Cost Optimization Strategies
1. Quantization
Reduce model precision to fit larger models on cheaper GPUs:
# 4-bit quantization with vLLM
llm = LLM(
model="meta-llama/Llama-3.1-70B",
quantization="awq", # or "gptq", "squeezellm"
gpu_memory_utilization=0.95,
)
| Precision | VRAM Reduction | Quality Loss | Speedup |
|---|---|---|---|
| FP16 (baseline) | 1x | 0% | 1x |
| INT8 | 0.5x | <1% | 1.5x |
| FP8 (H100 only) | 0.5x | <1% | 2x |
| INT4 (AWQ/GPTQ) | 0.25x | 2-5% | 2-3x |
2. Request Batching
# Dynamic batching with vLLM
# vLLM handles this automatically via continuous batching
# But you can also implement client-side batching
async def batch_process(prompts, batch_size=8):
"""Process prompts in batches for higher throughput."""
results = []
for i in range(0, len(prompts), batch_size):
batch = prompts[i:i + batch_size]
outputs = llm.generate(batch, sampling_params)

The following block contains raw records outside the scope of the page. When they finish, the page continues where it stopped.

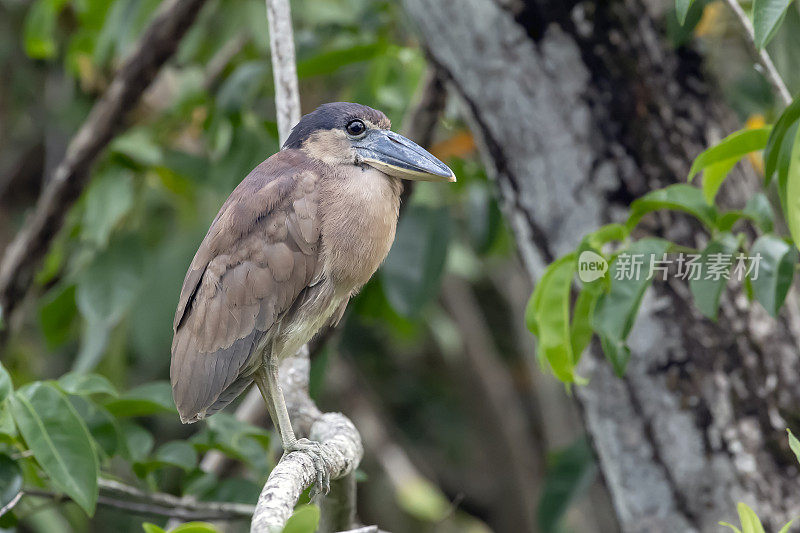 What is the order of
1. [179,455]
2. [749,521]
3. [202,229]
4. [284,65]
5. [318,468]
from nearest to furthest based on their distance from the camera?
1. [749,521]
2. [318,468]
3. [284,65]
4. [179,455]
5. [202,229]

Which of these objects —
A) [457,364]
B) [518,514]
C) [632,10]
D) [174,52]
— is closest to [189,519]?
[174,52]

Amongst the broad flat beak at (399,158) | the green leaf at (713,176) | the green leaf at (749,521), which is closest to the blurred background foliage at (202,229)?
the green leaf at (713,176)

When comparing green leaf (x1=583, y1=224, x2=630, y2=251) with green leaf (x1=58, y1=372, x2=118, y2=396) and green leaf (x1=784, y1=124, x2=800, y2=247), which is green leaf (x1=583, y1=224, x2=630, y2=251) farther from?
green leaf (x1=58, y1=372, x2=118, y2=396)

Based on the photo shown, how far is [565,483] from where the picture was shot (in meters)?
2.93

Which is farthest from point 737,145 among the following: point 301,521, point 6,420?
point 6,420

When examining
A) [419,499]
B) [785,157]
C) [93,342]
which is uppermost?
[785,157]

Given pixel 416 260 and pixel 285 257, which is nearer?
pixel 285 257

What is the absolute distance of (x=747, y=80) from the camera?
10.1 ft

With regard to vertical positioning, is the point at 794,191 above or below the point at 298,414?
above

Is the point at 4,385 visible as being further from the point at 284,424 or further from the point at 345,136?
the point at 345,136

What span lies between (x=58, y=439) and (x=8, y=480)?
0.63ft

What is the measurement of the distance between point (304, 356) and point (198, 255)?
380 mm

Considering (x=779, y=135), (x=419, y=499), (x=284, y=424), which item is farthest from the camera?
(x=419, y=499)

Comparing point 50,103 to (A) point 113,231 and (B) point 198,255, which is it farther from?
(B) point 198,255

results.extend([o.outputs[0].text for o in outputs])
return results
3. Model Selection by Traffic
class TrafficRouter:
"""Route requests to different models based on complexity."""
def __init__(self):
self.small_model = "llama-3.1-8b" # $0.50/hr
self.large_model = "llama-3.1-70b" # $3.50/hr
def route(self, prompt, complexity_hint=None):
# Simple heuristic: short prompts → small model
if complexity_hint == "simple" or len(prompt) < 200:
return self.small_model
# Or use a classifier
if self.is_complex(prompt):
return self.large_model
return self.small_model
def is_complex(self, prompt):
# Simple keyword-based classification
complex_keywords = ["explain", "compare", "analyze", "reason"]
return any(kw in prompt.lower() for kw in complex_keywords)
4. Spot/Preemptible Instances
Use spot instances for batch workloads (tolerant of interruptions):
# AWS EC2 spot instance for batch inference
# Save 60-90% compared to on-demand
# GCP preemptible VM
# Save ~80%
# Azure spot VMs
# Save 60-90%
# Important: Implement checkpointing for long training jobs
# Inference workloads can simply restart on a new instance
Latency Optimization
For interactive applications, latency is critical:
Time to First Token (TTFT) vs Time Per Output Token (TPOT)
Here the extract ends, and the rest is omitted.